Dwyane Wade: Basketball Star Turned Beacon of Fatherhood
He's a man on a mission to bring back a bedrock American value: family.
Dec. 10, 2011 -- In many ways, basketball superstar Dwyane Wade leads a double life. On the court, he's a NBA mega-star for the Miami Heat, but off the court, he's a hands-on single dad to his two young sons and a nephew.
The moms at school drop off didn't know what to make of him at first.
"I was like one of the only dads," Wade says with a smile. "Everybody was looking at me, it was kind of weird. They called me 'Mr. Mom' for a while."
It's an apt nickname for a man who's on a mission to bring back a bedrock American value: family.
Wade is reaching out to fathers and sons through community groups and his non-profit organization, Wade's World Foundation,to combat the jaw-dropping statistic that 72 percent of African-American kids are being raised by a single parent, mostly women.
Even President Obama asked Wade to become a kind of ambassador-at-large for fatherhood.
"We as men have to get back on the line and raise our families to make sure that this country will continue to strive by raising great kids," he said.
Though critics might charge that's easy for an NBA superstar with a mega-contract, Wade has a quick reply.
"It is not about the money I have or don't have," Wade said. "It is about the time I am willing to sit down across the table from my kids and if they don't get something right, helping them get it right."
And given that half of all marriages end in divorce, Wade believes in co-parenting.

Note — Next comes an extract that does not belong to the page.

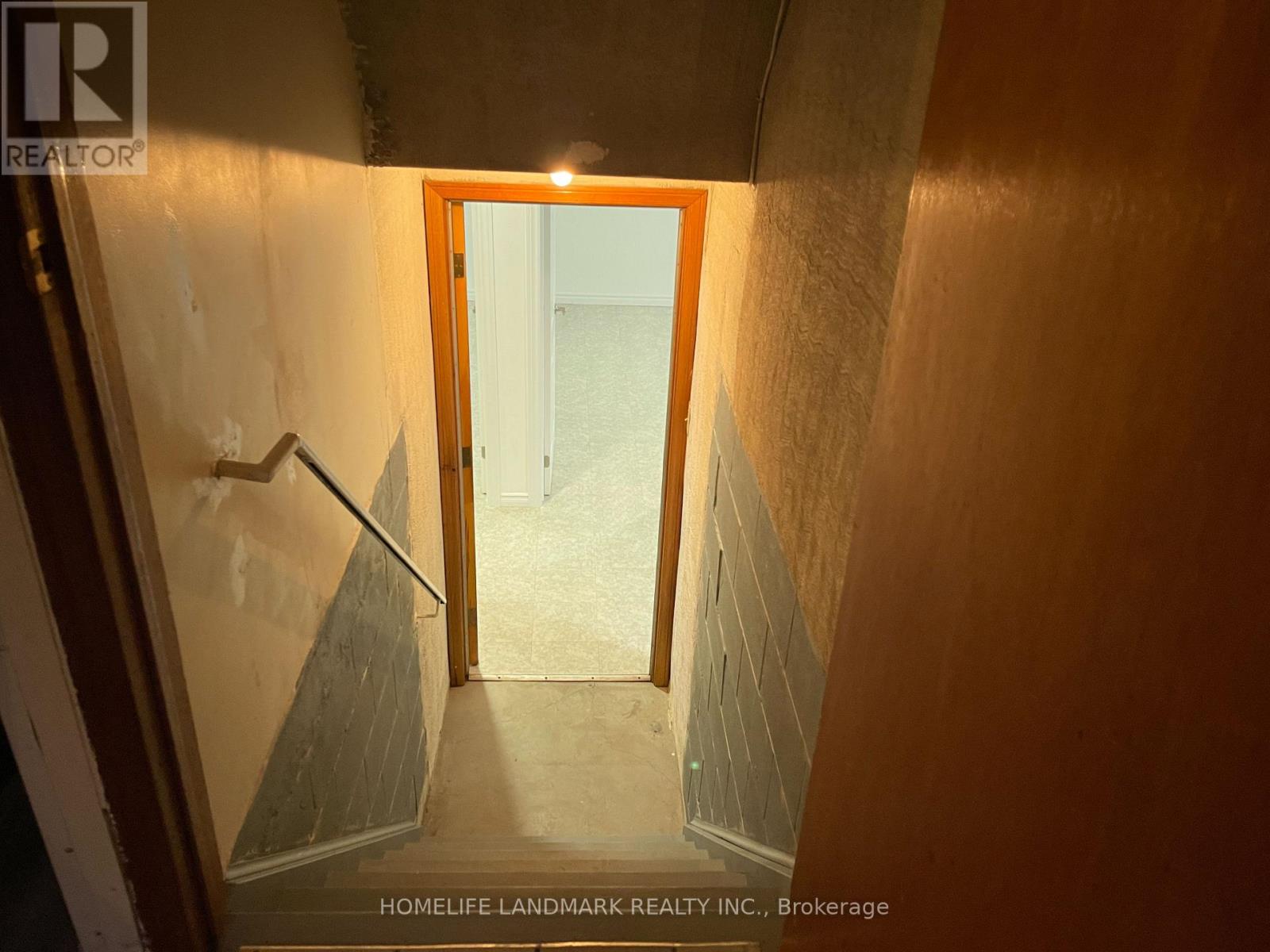 Lower & Main - 353 Darlington Court, Hamilton, Ontario  L9C 6Z2 - Photo 7 - X12733074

Although he won custody, after a bruising three year court battle, Wade is determined to let his kids know they have two loving parents, a lesson he draws from his own fractured childhood.

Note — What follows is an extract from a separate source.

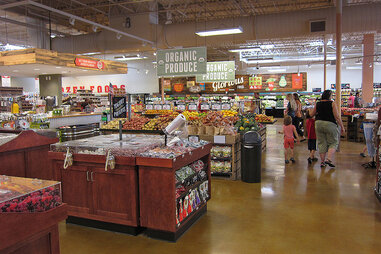 Lucky’s Market interior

In fact, he learned a lot about parenting from the mistakes his own mother made as he was growing up on Chicago's rough south side.
"I got deeper into dark drugs alcohol abandoned building the homeless lifestyle, you name it" said Dwyane Wade's mom, Jolinda Wade.

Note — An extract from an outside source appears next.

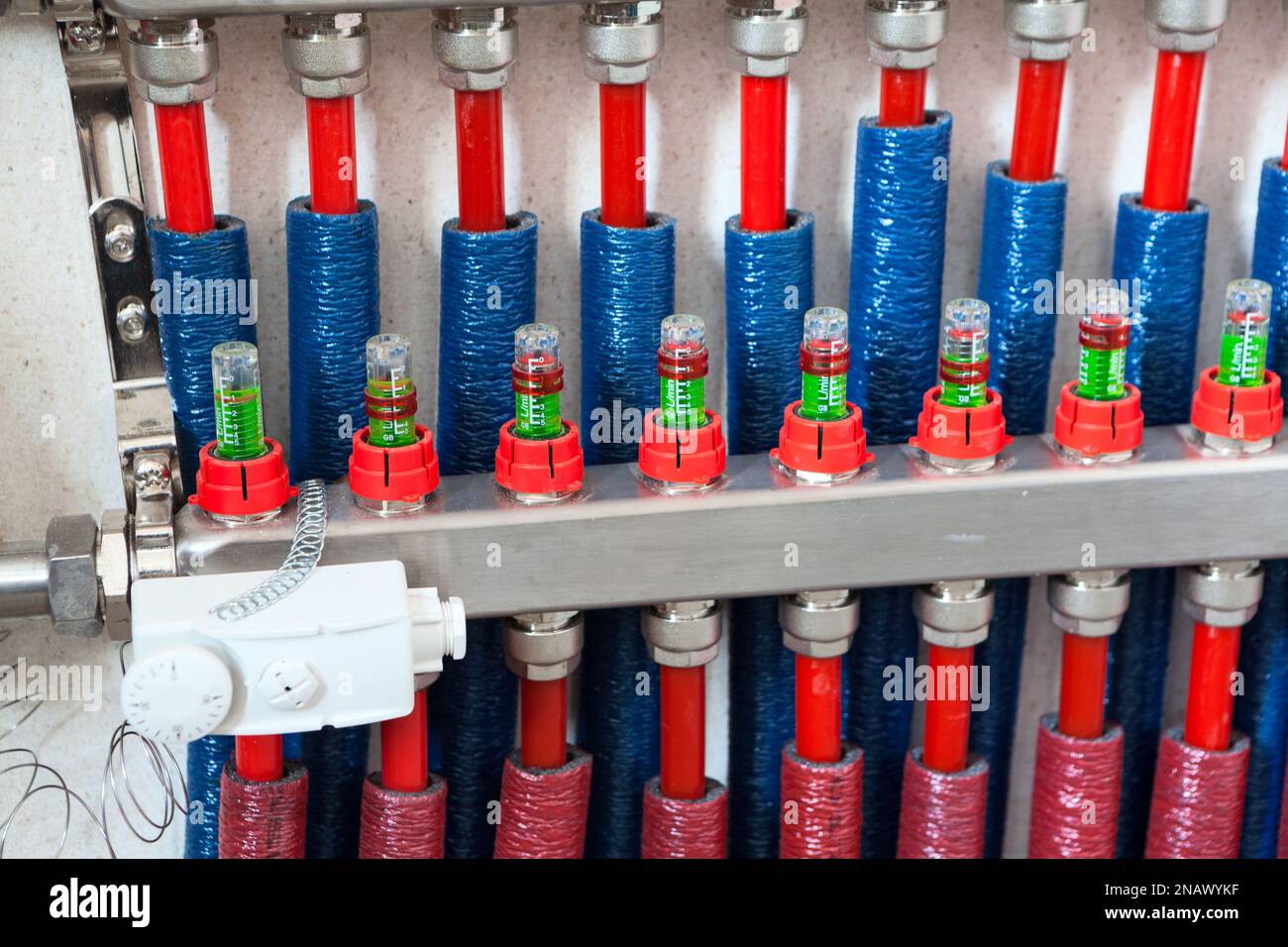 Versorgungs- und Rücklaufkreise an den Sammlern eines Warmwasserbodens, Anzeigen für den Kühlmitteldurchfluss Stockfoto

"And if she didn't come home, I'd go upstairs and i couldn't go to sleep," said Dwyane Wade. "Not knowing whether my mom was going to be alive from day to day."
Dwyane Wade went to live with his dad, Dwyane Wade Sr., who taught him how to play basketball and how to be a man.
He earned a scholarship to Marquette University, as his mom worked hard to get off drugs.
Once clean, Jolinda Wade decided to pay her debt to society and turn herself in to serve out an old jail sentence.
"That was tough," said Dwyane Wade. "It was one of the worst days of my life. She said, 'Son, I gotta go back to jail, I gotta do what's right' and that hurt, I cried."
That's when Dwyane Wade told his mother that she was his hero.
"That's all I needed. Oh my God I can do this," said Jolinda Wade. "Because I was his hero, isn't that something?"
She walked out of jail, into the open arms of her family.
Finding God and Starting Over
Jolinda Wade found the bible behind bars and soon developed a following by sharing the story of her struggles.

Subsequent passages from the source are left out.